Democracia, no a la desigualdad

Amalia D. García Medina

Nada justifica que alguien sea discriminado. Todas las personas que compartimos este planeta tenemos una individualidad y es esta diversidad la que hace especial a nuestro mundo. Tenemos que acabar con ese falso concepto de una “normalidad” uniforme y gris. Todas y todos somos diferentes, y ello no puede ser motivo de discriminación ni de conflicto; al contrario, debemos garantizar, en la diversidad, derechos, respeto y equidad; ese es el reto que ya no podemos eludir.
Encuentros como el que se realizó la semana pasada en Zacatecas, organizado por el Conapred y su presidente, Gilberto Rincón Gallardo —quien ha dado una lucha para darle a este tema la importancia que merece—, nos recuerdan que la batalla contra la discriminación es un pendiente de nuestra transición política. No podemos hablar de consolidación democrática mientras existan grupos sociales excluidos del desarrollo por razón de género, discapacidad o preferencias personales de cualquier tipo.
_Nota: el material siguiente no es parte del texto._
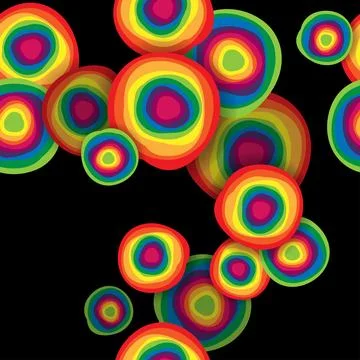 Abstract rainbow circles on black background Stock Illustration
Como lo mencionó acertadamente Carlos Monsiváis en este foro, en nuestro país padecemos un grave problema discriminatorio: la dictadura de la normalidad; es decir, existe una aplastante noción de lo que es “normal” en la sociedad mexicana, a tal grado que todo lo que no se ajusta a ella es excluido, muchas veces de manera violenta. Debido a ello, durante mucho tiempo se justificó la cruel persecución de la comunidad homosexual en México, con “crímenes de odio” que mancharon de sangre toda nuestra geografía.

También, por la formación cultural al interior de muchas familias, era considerado “normal” que las mujeres sufrieran todo tipo de violencia dentro de sus hogares, situación que, lamentablemente, se sigue presentando en 50% de las familias mexicanas. Muchas veces escuchamos frases como “es tu cruz”, que promovían en las mujeres la aceptación de la violencia.

Esto nos permite apreciar cómo ese falso concepto de “normalidad” manejado no sólo en nuestro país, sino en casi todo el planeta, se ha traducido en actos discriminatorios que aún padecen las personas discapacitadas, quienes manifiestan otra identidad sexual, las mujeres, los indígenas, los pobres, los adultos mayores, en fin, todos aquellos que, en una palabra, son diferentes.

Es un asunto cultural que, por lo mismo, no debe ser asumido por unos cuantos, sino por todos los sectores de la sociedad. Todas y todos debemos trabajar para que se garantice el respeto e igualdad de las personas en todos los ámbitos. Para ello es necesario imprimir una visión humanista en cada una de las acciones que emprendemos cotidianamente. En este aspecto, en Zacatecas se aprobó la Ley Estatal para Prevenir y Erradicar la Discriminación, en la que queda establecido que toda discriminación o toda intolerancia constituyen un agravio y un retroceso de la dignidad humana. Esta disposición contempla medidas transversales para lograr una mayor eficiencia en su objetivo. Sin duda, tiene un impacto en el presupuesto del estado porque se destinan recursos para promover acciones específicas que van desde la construcción de rampas y equipamiento urbano para facilitar la movilidad de personas con discapacidad, junto con otras acciones que promueven la integración social de los grupos discriminados brindando apoyos económicos, becas, capacitación, así como su incorporación a espacios de decisión.

Sin embargo, hay un largo trecho de la ley a la práctica y el camino de la vigencia de la pluralidad. Es indispensable promover la responsabilidad conjunta por parte de ciudadanos e instituciones para hacer valer el derecho a un México igualitario.

Es cierto que los problemas socioculturales, como la discriminación, no terminan por decreto gubernamental; por ello debe quedar claro que la ley es el marco que nos permite ir avanzado en la erradicación de este problema. Pero los avances más significativos están en el marco práctico, es decir, en el actuar de cada uno de nosotros y de la sociedad.

Estoy convencida de que un país democrático, con desarrollo humano, nunca podrá serlo plenamente si hay desigualdad y discriminación. En México, necesitamos una labor cotidiana para garantizar que “democracia y libertad” no sean sólo meros conceptos, sino que signifiquen condiciones reales y permanentes, con la participación de todas las personas.